15 Eye-opening Researches and Facts about Depression That Everyone Must Know!

Depression is a common mental disorder, and roughly 350 million people suffer from it worldwide. Depression affects all people regardless of age, geographic location, demographic or social position.The World Health Organization estimates that by the year 2030, depression will be the second highest medical cause for disability in the world, second only to HIV/AIDS. To break the stigma around this very real illness that affects millions around the world, we bring you 15 eye-opening research and facts about depression that you absolutely must know.

  1. Women are approximately two times more likely than men to suffer from major depression because they may have a stronger genetic predisposition to developing it.

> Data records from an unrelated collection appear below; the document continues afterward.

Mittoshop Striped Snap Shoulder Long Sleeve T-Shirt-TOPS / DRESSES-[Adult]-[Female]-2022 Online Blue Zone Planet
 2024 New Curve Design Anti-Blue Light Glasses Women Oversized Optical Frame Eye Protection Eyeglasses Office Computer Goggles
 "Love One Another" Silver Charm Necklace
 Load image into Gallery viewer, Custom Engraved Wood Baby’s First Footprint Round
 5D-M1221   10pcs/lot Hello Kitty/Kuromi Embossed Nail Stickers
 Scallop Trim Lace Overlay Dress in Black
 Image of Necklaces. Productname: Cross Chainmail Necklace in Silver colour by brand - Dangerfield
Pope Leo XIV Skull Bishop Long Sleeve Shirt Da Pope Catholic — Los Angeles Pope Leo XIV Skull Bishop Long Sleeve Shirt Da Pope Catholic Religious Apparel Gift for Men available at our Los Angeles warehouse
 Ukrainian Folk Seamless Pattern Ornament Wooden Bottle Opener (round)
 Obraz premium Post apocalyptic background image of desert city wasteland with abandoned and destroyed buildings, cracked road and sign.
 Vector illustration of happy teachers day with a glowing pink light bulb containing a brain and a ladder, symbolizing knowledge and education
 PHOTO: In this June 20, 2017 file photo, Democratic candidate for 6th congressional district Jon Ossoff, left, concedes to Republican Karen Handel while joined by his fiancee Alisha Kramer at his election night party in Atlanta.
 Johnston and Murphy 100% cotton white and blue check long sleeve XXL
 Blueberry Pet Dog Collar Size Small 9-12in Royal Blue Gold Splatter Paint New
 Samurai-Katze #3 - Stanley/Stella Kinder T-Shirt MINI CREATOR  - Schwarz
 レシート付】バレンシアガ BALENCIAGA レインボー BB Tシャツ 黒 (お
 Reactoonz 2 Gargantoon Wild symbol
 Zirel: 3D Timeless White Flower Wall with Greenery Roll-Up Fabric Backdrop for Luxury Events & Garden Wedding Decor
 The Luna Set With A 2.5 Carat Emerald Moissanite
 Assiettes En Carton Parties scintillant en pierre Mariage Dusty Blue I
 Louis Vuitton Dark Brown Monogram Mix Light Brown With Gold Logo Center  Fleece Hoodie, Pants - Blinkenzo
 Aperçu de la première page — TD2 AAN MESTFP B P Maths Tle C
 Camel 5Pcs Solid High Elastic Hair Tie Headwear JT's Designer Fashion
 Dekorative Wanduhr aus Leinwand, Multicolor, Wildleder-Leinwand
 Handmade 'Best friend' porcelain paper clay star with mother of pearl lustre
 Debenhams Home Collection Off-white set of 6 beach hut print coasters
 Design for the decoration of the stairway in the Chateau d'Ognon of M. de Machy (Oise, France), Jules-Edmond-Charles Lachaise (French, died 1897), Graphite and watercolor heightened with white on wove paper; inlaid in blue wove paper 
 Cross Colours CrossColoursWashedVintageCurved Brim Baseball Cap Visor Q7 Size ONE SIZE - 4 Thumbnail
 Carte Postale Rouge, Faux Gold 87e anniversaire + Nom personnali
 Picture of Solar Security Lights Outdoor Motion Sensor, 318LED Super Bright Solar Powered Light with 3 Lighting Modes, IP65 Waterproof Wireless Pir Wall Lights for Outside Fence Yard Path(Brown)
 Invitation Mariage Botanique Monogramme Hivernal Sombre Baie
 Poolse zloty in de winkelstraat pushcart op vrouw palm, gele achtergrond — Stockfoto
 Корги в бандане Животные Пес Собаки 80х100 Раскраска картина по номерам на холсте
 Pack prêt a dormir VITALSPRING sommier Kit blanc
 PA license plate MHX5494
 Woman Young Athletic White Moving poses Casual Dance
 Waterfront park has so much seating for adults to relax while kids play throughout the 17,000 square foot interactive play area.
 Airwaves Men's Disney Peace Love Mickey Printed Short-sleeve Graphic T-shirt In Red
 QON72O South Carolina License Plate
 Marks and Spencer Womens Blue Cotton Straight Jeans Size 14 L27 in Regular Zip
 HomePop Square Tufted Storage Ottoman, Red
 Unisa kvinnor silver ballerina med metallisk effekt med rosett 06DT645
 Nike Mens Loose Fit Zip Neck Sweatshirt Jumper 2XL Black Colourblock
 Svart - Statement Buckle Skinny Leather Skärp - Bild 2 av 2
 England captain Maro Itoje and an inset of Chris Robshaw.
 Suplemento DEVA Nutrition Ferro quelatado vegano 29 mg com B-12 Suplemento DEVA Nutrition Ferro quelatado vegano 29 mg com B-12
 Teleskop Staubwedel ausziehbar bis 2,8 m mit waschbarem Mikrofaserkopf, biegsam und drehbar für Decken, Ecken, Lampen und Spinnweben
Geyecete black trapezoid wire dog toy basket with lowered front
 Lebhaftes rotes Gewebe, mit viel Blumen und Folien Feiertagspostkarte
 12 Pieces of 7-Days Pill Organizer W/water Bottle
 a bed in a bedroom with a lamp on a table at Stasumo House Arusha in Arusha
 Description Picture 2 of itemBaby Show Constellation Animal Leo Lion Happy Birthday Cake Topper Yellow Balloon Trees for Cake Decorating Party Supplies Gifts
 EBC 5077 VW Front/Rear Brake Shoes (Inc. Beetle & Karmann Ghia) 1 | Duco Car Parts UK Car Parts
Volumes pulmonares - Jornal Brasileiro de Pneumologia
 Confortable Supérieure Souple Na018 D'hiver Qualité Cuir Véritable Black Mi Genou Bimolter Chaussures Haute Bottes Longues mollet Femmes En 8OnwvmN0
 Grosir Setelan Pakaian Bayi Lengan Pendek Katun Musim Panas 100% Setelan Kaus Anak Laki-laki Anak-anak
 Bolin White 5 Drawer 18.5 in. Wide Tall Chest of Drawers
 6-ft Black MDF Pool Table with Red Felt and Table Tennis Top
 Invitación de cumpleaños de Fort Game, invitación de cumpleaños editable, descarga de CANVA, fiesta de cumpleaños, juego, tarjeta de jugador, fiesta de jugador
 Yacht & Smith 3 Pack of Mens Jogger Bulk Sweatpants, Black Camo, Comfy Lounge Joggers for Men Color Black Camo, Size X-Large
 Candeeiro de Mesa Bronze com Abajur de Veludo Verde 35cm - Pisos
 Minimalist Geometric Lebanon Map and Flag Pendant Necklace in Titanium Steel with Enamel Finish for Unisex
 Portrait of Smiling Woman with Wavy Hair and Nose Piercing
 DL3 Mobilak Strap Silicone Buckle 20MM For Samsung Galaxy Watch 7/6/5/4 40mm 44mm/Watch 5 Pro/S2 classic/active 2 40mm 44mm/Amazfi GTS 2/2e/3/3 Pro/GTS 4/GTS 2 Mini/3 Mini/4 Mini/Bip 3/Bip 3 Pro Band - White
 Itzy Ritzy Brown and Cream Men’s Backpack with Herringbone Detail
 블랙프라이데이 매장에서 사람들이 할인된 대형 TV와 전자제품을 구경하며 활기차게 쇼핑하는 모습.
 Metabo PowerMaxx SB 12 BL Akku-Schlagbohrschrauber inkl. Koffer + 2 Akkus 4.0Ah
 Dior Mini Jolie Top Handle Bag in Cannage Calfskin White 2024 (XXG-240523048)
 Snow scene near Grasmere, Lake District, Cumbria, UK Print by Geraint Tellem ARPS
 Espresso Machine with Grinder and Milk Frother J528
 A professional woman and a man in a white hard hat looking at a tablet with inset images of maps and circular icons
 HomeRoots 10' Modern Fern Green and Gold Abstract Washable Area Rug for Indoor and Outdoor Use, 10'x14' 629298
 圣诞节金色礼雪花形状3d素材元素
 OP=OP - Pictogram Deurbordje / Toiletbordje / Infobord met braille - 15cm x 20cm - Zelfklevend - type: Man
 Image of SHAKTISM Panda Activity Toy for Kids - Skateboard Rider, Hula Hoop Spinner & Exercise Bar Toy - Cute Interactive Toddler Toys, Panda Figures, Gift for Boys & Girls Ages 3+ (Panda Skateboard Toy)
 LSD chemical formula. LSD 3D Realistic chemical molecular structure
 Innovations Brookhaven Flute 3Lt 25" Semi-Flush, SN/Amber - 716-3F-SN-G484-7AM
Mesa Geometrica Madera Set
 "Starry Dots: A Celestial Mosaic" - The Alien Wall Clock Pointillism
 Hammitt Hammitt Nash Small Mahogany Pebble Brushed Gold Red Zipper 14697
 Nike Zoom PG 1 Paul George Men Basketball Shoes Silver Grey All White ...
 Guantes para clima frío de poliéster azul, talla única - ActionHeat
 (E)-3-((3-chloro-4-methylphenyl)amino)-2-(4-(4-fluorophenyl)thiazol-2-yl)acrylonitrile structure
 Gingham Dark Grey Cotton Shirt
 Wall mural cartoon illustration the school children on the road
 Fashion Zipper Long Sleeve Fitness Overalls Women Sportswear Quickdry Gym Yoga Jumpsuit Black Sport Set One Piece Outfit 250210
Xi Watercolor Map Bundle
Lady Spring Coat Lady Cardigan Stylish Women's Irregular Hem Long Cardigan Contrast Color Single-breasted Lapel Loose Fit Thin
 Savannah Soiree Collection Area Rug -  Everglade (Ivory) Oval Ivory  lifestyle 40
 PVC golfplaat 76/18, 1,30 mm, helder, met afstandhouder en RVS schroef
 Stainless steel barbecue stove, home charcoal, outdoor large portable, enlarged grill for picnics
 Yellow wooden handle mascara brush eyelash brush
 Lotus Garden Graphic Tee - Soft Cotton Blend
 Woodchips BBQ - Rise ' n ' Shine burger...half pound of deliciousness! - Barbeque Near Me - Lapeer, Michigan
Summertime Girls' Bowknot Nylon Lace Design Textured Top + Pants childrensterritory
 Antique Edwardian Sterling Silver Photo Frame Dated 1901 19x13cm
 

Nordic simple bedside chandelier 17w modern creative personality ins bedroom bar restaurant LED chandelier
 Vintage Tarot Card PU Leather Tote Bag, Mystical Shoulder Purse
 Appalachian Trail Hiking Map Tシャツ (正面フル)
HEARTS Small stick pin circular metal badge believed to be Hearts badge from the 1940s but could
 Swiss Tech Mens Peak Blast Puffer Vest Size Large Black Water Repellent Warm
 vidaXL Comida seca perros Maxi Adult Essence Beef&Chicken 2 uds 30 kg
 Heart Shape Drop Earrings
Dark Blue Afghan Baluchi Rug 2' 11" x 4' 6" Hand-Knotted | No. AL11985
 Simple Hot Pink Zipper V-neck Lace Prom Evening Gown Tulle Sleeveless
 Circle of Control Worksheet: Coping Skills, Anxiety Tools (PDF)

Compared to men, women are much more subjected to fluctuating hormone levels, especially around the time of childbirth and menopause. The American Psychological Association states that the rate of sexual and physical abuse is much higher in women than previously suspected and is a major factor in causing depression. Married women are also more prone to depression, but the opposite is true for men. Women of color are also more likely than Caucasian women to develop depression due to racial and ethnic discrimination, lower educational and income levels, segregation into low status and high-stress jobs and unemployment. Men and women experience depression in radically different ways due to their hormonal make-up, and a comprehensive study of the same is of utmost importance in the treatment of it.

  1. Depression can cause you to dream up to 3 to 4 times more than you normally would.

Psychologists in the 1970’s observed that people suffering from depression reported more dreams than the average person. The quality of dreams experienced during REM (Rapid Eye Movement) sleep was intriguing as well: they were more emotionally intense, there were more negative themed-dreams and more nightmares. Because these unpleasant dreams are often experienced hand-in-hand with insomnia and lesser deep-sleep states (the kind of sleep that refreshes and restores), clinically depressed dreamers wake up feeling exhausted and as though they have returned to waking reality after a long and hard battle.

  1. Creativity has been linked to depression, anxiety, and “madness”. Research reveals that writers are 121% more likely to suffer from bipolar depression and 50% more likely to commit suicide than the general population.

Many creative individuals like John Lennon, Vincent van Gogh and Ludwig van Beethoven suffered from depression. Van Gogh, for instance, was plagued with periodic melancholy and perpetual loneliness. His art was a channel and medium for expressing these very themes. Charles Dickens, Tennessee Williams, and Eugene O’Neill were known to suffer from depression, and so did Ernest Hemingway, Leo Tolstoy and Virginia Woolf. Sylvia Plath, the writer, committed suicide by sticking her head in an oven while her children slept. Earlier studies suggested that there could be an inherited trait that facilitates creativity and mental illness together. While it would be incorrect to say that all creative people risk developing depression, a staggering percentage of artists experience a descent to the underworld in their creative endeavours.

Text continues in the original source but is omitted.